Setidaknya, bila Hakim Konstitusi tidak cukup nyali mendiskualifikasi paslon 02, sekurang-kurangnya MK seharusnya bernyali membatalkan pencalonan Gibran mengingat besarnya pertaruhan muruah kelembagaan dan upaya penelanjangan peradilan konstitusi yang dilakukan secara terang-terangan oleh Presiden Jokowi. Skenario inilah yang tampaknya paling memungkinkan dan pemungutan suara ulang urung dilakukan. Di sinilah nanti lobi-lobi politik antarpartai koalisi yang menyokong Prabowo akan beradu tangkas untuk mengisi kursi kosong yang ditinggalkan Gibran.

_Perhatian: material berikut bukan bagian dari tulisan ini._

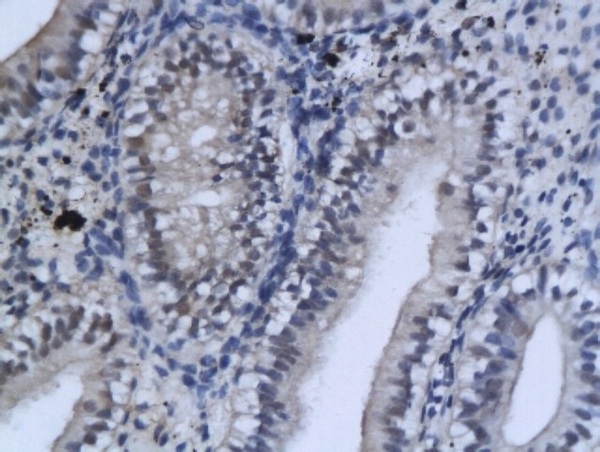Formalin-fixed and paraffin embedded human endometrium carcinoma labeled with Rabbit Anti-GSK-3 Beta (CT) Polyclonal Antibody, Unconjugated  (bs-0028R) 1:200 followed by conjugation to the secondary antibody and DAB staining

Di sisi lain, melihat preferensi 8 Hakim Konstitusi di sidang PHPU Pilpres, publik dapat berharap akan adanya kejutan dalam putusan MK. Sebab dari 8 Hakim Konstitusi, terdapat 3 orang yang berseberangan dengan Putusan MK No. 90/PUU-XXI/2023, 2 orang yang kerap terombang-ambing politik kepentingan, 2 lainnya perpanjangan tangan penguasa, dan 1 orang yang belum terpetakan. Di empat PHPU Pilpres sebelumnya, MK dengan suara bulat memutus permohonan ditolak. Kini berbeda. Setidaknya MK bisa sedikit menghibur dengan mengeluarkan putusan terpecah.